OBLIGATIONS : neutres sur les obligations souveraines

Le changement de cap de l’ensemble des banquiers centraux par rapport aux politiques de resserrement monétaire est désormais bel et bien acté avec le dernier revirement en date, celui de Mario Draghi. Le président de la BCE a annoncé début mars une modification des projections de croissance à +1,1% pour la Zone euro, contre +1,7% prévu précédemment, ainsi que des prévisions d’inflation pour 2019 de +1,2% contre +1,6% précédemment. Pour répondre à cette situation de stress, la BCE mettra en place un nouveau TLTRO, c’est-à-dire une série de prêts très avantageux pour les banques de la Zone euro qui devront faire face dès septembre à une grande quantité de dette à rembourser.

Les taux des obligations souveraines pour les pays membres ont poursuivi leur baisse suite à cette annonce, portant notamment le taux à 10 ans allemand à … 0,04%. Les taux ne pouvant pas tomber beaucoup plus bas que leurs niveaux actuels en Europe, nous restons neutres sur cette classe d’actifs sur le Vieux continent, considérant que son rôle est essentiellement de garantir le capital du souscripteur. En revanche, les mauvais chiffres sur le plan macroéconomique aux Etats-Unis nous poussent à rester acheteurs de l’obligataire américain, estimant que les taux souverains pourraient encore baisser en raison de la conjoncture mais aussi d’une possible réorientation de la politique de réduction du bilan de la Banque Centrale américaine.

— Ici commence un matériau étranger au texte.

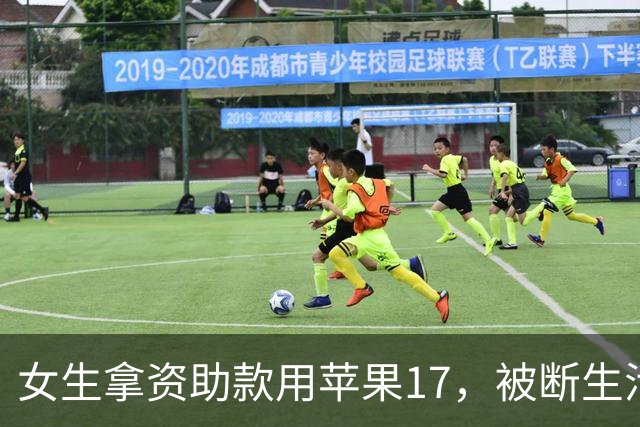 女生拿资助款用苹果17，被断生活费后竟威胁曝光恩人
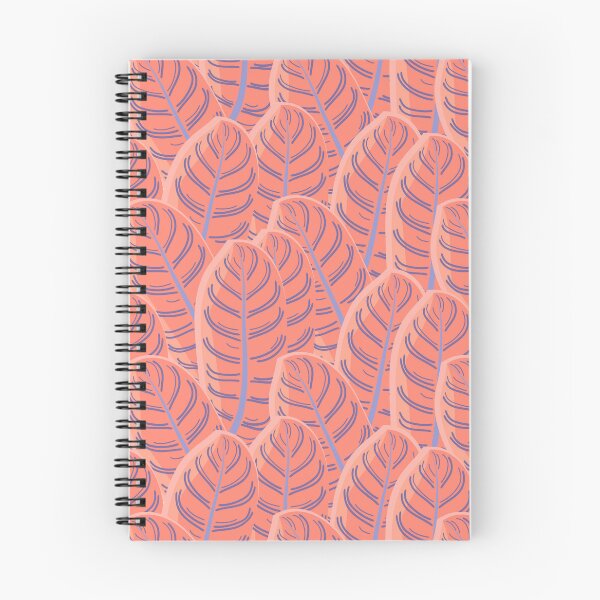 Item preview, Tropical leaves, Coral version designed and sold by Alex  Blud.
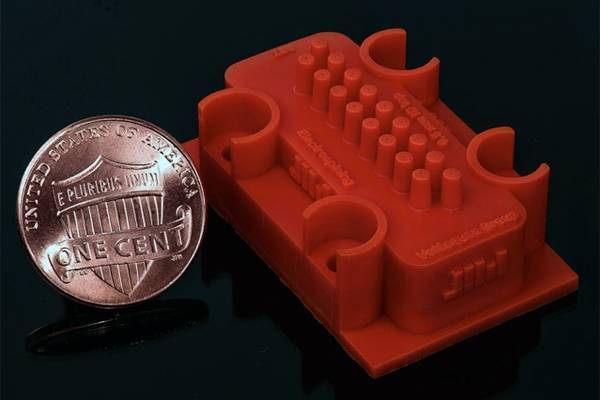 3-D-printed device builds better nanofibers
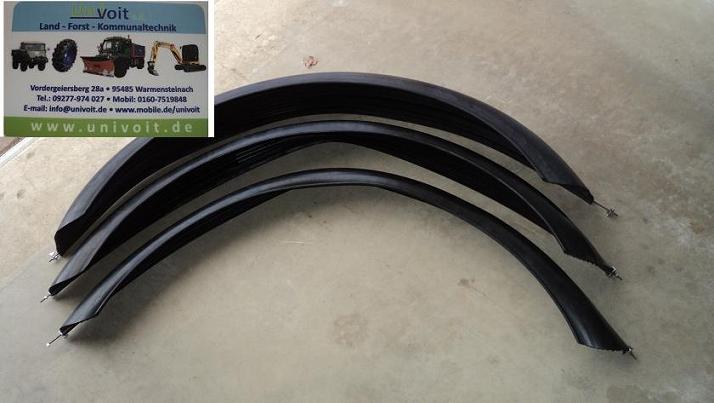 Gummiteile Unimog - KotflÃ¼gel.JPG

MATIERES PREMIERES : Sous-pondérés à neutres sur les commodities. Surpondérés à neutres sur les métaux précieux

Les Etats-Unis pourraient voir leur nombre de forages diminuer de l’ordre de 25% au troisième trimestre. Couplé avec les problèmes vénézuéliens, cela devrait peser sur l’offre de pétrole dans les mois à venir. Mais de l’autre côté, la faiblesse de la croissance mondiale en 2019, notamment chinoise, et donc de la demande globale en pétrole, pourrait peser en sens inverse dans la balance. In fine, l’or noir devrait dans ces conditions continuer d’osciller dans notre range large de 40-60$ pour le baril WTI.

En un mois, seules des informations relatives à la faiblesse de la croissance chinoise sont véritablement apparues. Le géant chinois, premier consommateur de matière première mondiale, est en effet en train de réaliser un énième plan de relance de son économie, signe d’un ralentissement plus fort que ne veulent bien le laisser paraître les chiffres macroéconomiques du pays. Nous maintenons donc notre position entre sous-pondérés et neutres pour les matières premières hors pétrole.

Après avoir reflué en début de mois, l’or se stabilise autour de 1280$, notamment porté par la baisse des taux réels. En effet, la baisse des taux souverains rend d’autant plus attractifs les métaux précieux (qui souffrent moins de l’absence de rendements associée par rapport aux obligations). Cela nous pousse à surpondérer l’or à court et moyen terme.

AVERTISSEMENT

Ce document est exclusivement réservé à la clientèle de RHETORES FINANCE. Il ne constitue en aucun cas un conseil d’achat ou de vente. Les performances passées ne préjugent pas des performances futures. Il n’existe pas d’actif garanti.